Geholfen hat es bisher kaum etwas, berichten dieser Tage die lokalen Medien. Schon kurze Zeit nachdem die toten Insekten schaufel- und kübelweise entsorgt wurden, schlüpfen die neuen Generationen – und die Plage beginnt von Neuem.

Schäden für Tourismus und Gastronomie

Die Menschen in Orbetello, einer hübschen Kleinstadt in der Lagune zwischen dem toskanischen Festland und der nur wenige Kilometer vor der Küste gelegenen Insel Monte Argentario, sind zunehmend verzweifelt. Der Tourismus und die Gastronomie leiden unter diesem Phänomen. Cafés und Restaurants sehen sich gezwungen, am Abend frühzeitig zuzusperren, da der Aufenthalt im Freien unangenehm, mitunter fast unmöglich ist.

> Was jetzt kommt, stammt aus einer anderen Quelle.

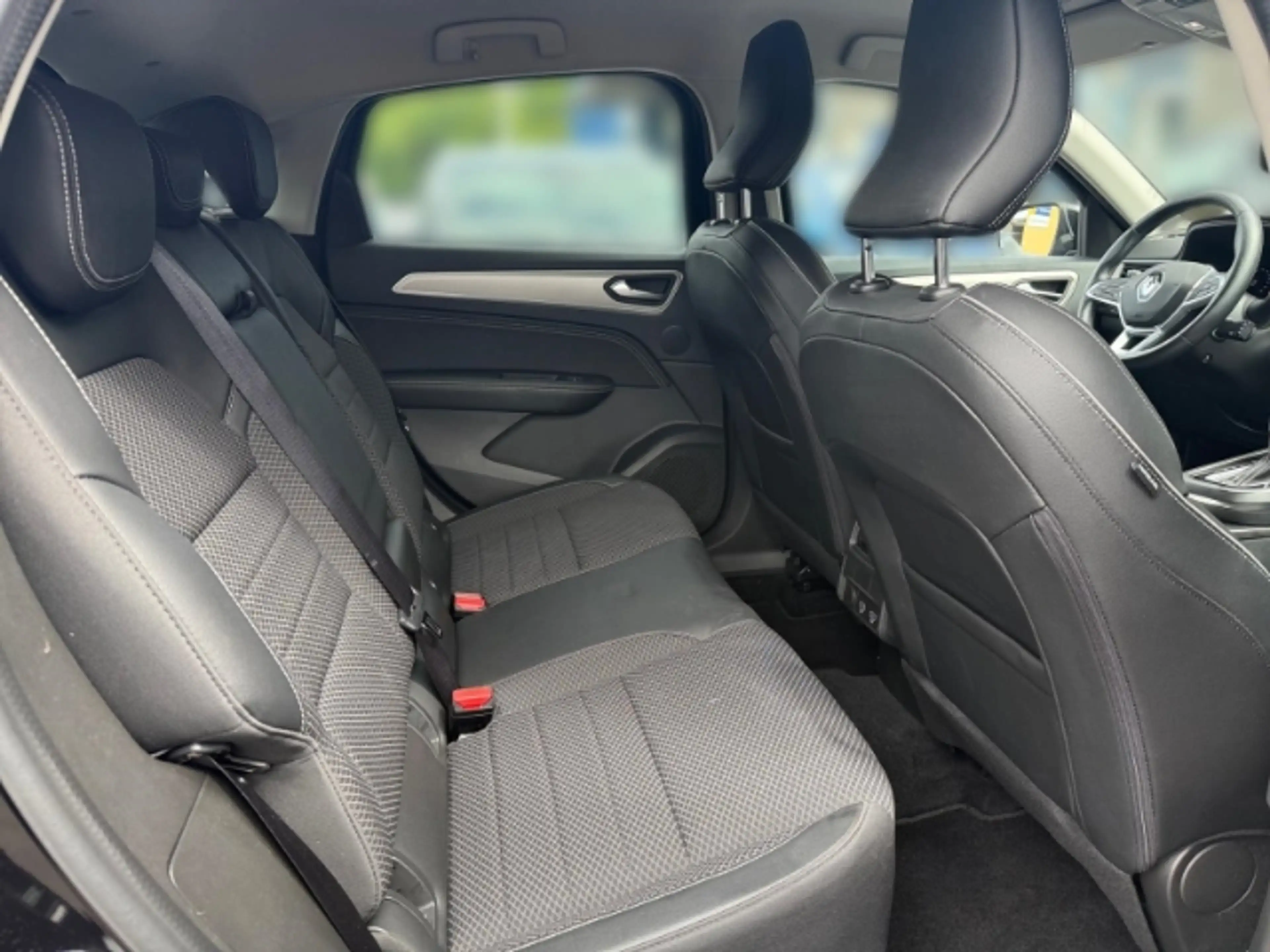 Renault Arkana 1.3 TCe Techno + Winterpaket + Kamera + Fahrerassi — photo 13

"Wir sind gezwungen, zwei Stunden früher zu schließen", erzählt etwa der Besitzer des Caffè sul Corso dem "Corriere della Sera". "Dies ist unsere Saison 2022." Einige Lokale schalten die Außenbeleuchtung ab, das hilft aber auch kaum oder gar nicht. Ein Restaurantbesitzer klagt im britischen "Guardian" über einen Umsatzrückgang von 60 Prozent.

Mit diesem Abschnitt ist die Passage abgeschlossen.